No load balancer or additional ports are involved.

Step 6: Enable automatic backups

Elasticsearch does not offer the traditional sense of backup. Instead, it uses snapshots which have more capability and robust way to create a consistent backup copy. It is the most recommended method for creating consistent point-in-time backups for an entire cluster or specific indices, and its native to Elasticsearch.

For high-availability cluster, it is very important to always have a reliable backup and a copy of your data in case disaster or catastrophe occurs. In that regard, ClusterControl makes it easy to schedule them automatically.

Go to ClusterControl GUI → choose the cluster → Backups.
Click Create Backup → Schedule a Backup. The Create a backup schedule wizard will open and proceed to configure your backup as below:
(1) Configuration(2) Advanced settings(3) Schedule(4) Preview
Schedule name: Daily ES-HA cluster snapshot

Cluster: (defaults to your Elasticsearch standalone cluster)

Repository: (defaults to the repository you created during deployment)

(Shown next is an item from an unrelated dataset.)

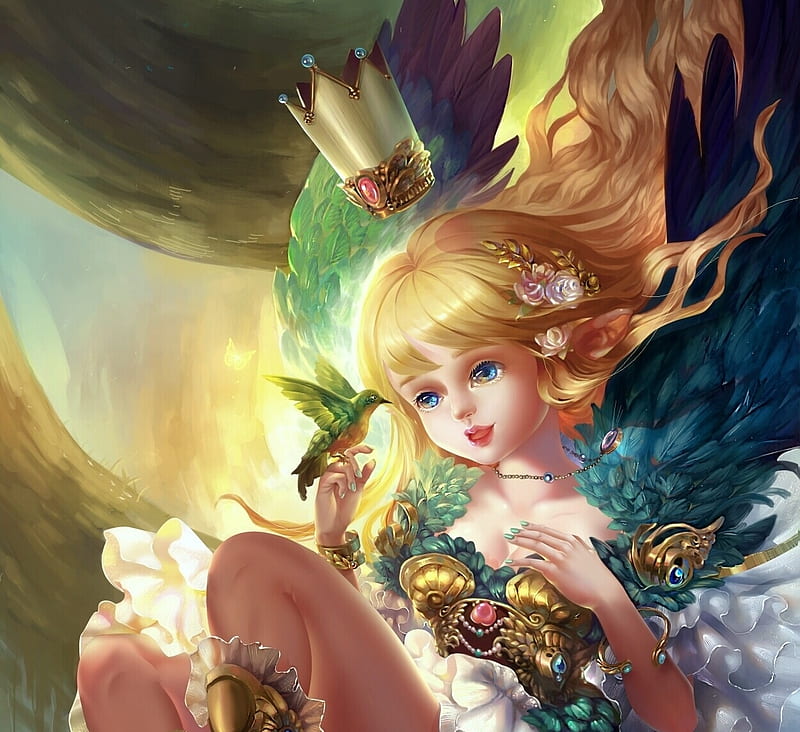 Magic Alice, magic, dreamyka, superb, fantasy, green, girl, bird, feather, crown, pasari, dreamy ka, gorgeous, blue, frumusete, wings, luminos, alice, angel, blonde, HD wallpaper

Backup method: elasticsearch-snapshot (default) [disabled text field]
Retention: On (default)

Retention [textfield]: 4 (Set to your desired number of days to retain backup)
Set backup schedule: Simple

Every: day at 02:00

Timezone: select your local timezone
Verify all settings. You can go back to adjust if needed.
Click Create to schedule it.

ClusterControl will now automatically perform your backups. You may also restore your backups from the elasticsearch snapshots in the future if necessary for disaster recovery.

Step 7: Configure alerts

To keep track of any issues or incidents in your cluster, it's important to set up alerting. ClusterControl supports sending alarms and alerts to email, web hooks and third-party notification services like Slack or Telegram. In this example, we are going to use email.

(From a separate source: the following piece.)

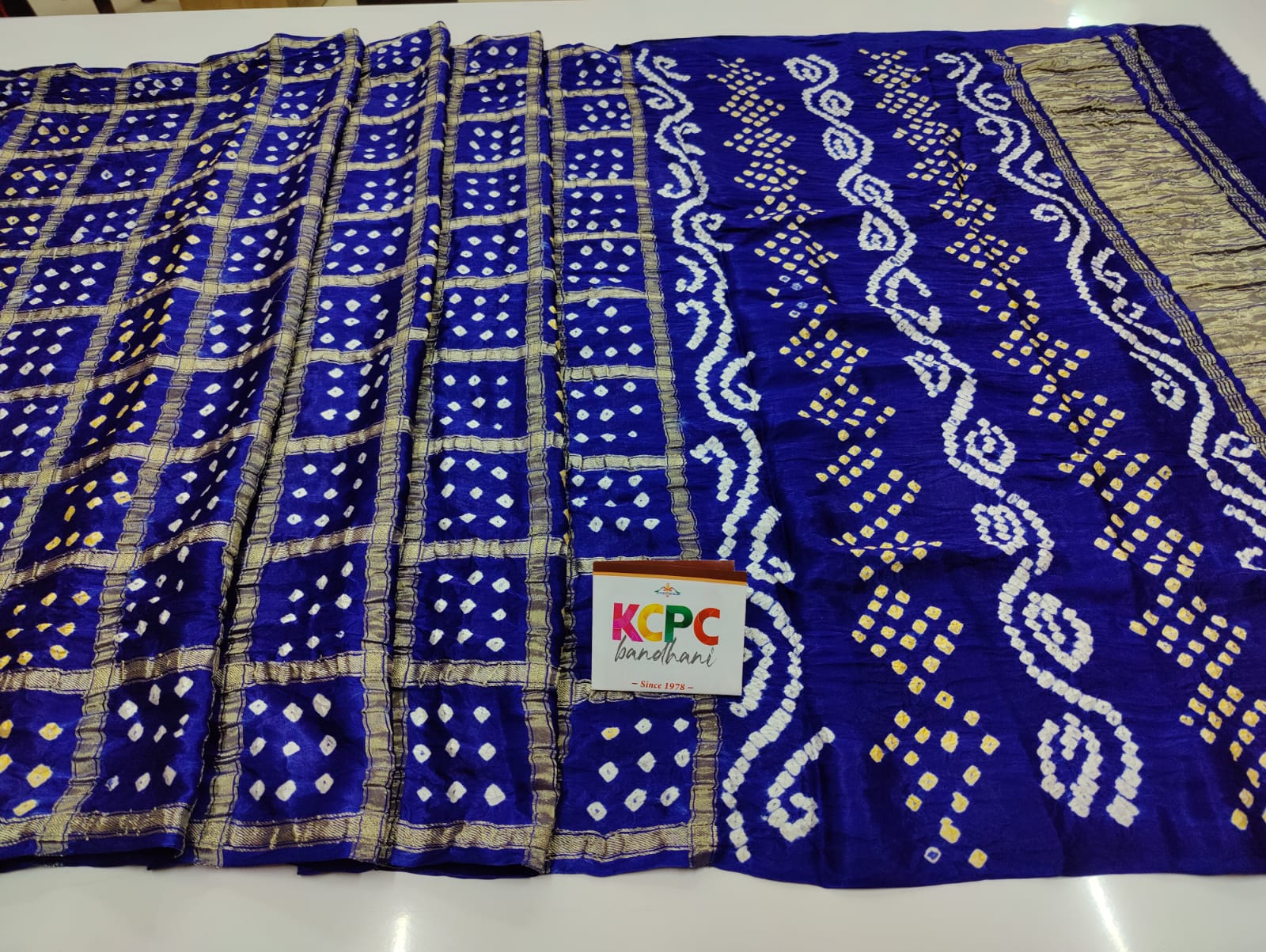 Pure Gaji Silk Bandhani Ghatchola Saree With Lagdi Patta Pallu Kcpc Nr Royal Blue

Firstly, configure the mail server. Go to ClusterControl GUI → Settings → You don't have a mail server configured. Configure now → SMTP Server. Fill up all necessary information about the SMTP server. You can also opt for Sendmail, however a mail transfer agent (sendmail, postfix or exim) must be installed on the ClusterControl server.

Once configured, we can configure the alert and recipients as below:

ClusterControl GUI → choose the cluster → Settings → Email Notifications.
Select a User group (your group) from the User group dropdown.
Select your email address to from the Users in the selected group dropdown.
Click Enable.
Set the Digest delivery time when you want a digested (summarized events) to be sent to you every day.
Set all Critical events to "Deliver" (default), all Warning events to "Digest" and you may ignore the Info events.

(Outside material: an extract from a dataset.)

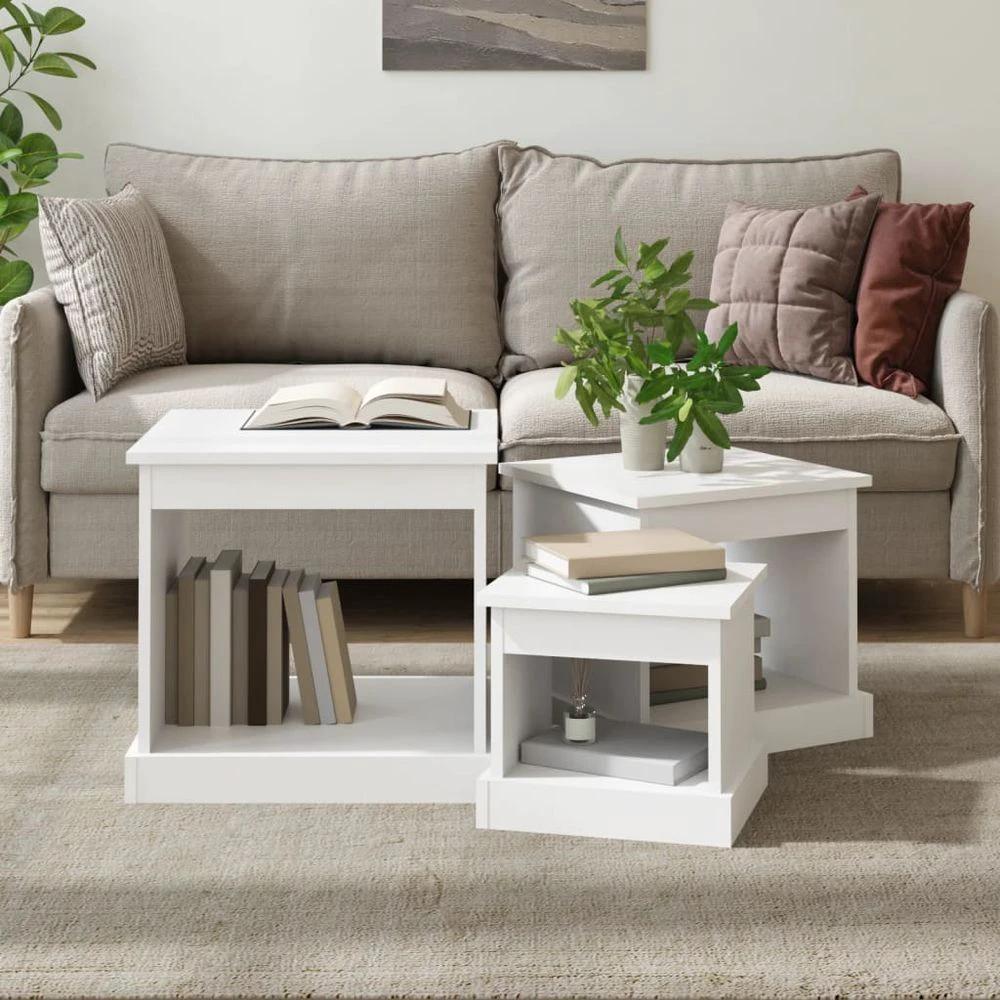 vidaXL Coffee Tables 3 pcs White Engineered Wood vidaXL - Coffee Tables Coffee Table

This ensures timely notifications when something goes wrong.

Tip

You can also configure alarms to be sent to third-party notification systems (Slack, Telegram), incident management systems (PagerDuty, ServiceNow, OpsGenie) or web hooks. See Integration → Notification Services.

Step 8: Manage your node

ClusterControl provides monitoring for your cluster and system overview which displays workloads based on metrics. Once your Elasticsearch cluster is done deployed, agents using Prometheus exporters are deployed to gather metrics and provide more granular monitoring of your cluster and system workload for your standalone cluster in Elastitcsearch.

Apart from the monitoring, you can manage your node with the most available options for this cluster:

Database node management: Perform start/stop/restart node, reboot host. These features are available at ClusterControl GUI → choose the cluster → Nodes → Actions.
Configuration management: Perform database configuration changes globally. This feature is available at ClusterControl GUI → choose the cluster → Manage 🡒 Configuration.
Backup management: Create, schedule, restore, store snapshot in an off-cluster storage location such as AWS S3 or any S3 Compatiable storage, while allowing you to set retention period for your backup snapshots. These features are available at ClusterControl GUI → choose the cluster → Backups → Actions and ClusterControl GUI → choose the cluster → Backups → More.
Maintenance management: Activate, deactivate, remark and schedule maintenance mode for all nodes. This feature is available at ClusterControl GUI → choose the cluster → Nodes → Actions → Schedule maintenance.
SSH console: Access your nodes directly from ClusterControl GUI via web SSH console. This feature is available at ClusterControl GUI → choose the cluster → Nodes → Actions → SSH Console.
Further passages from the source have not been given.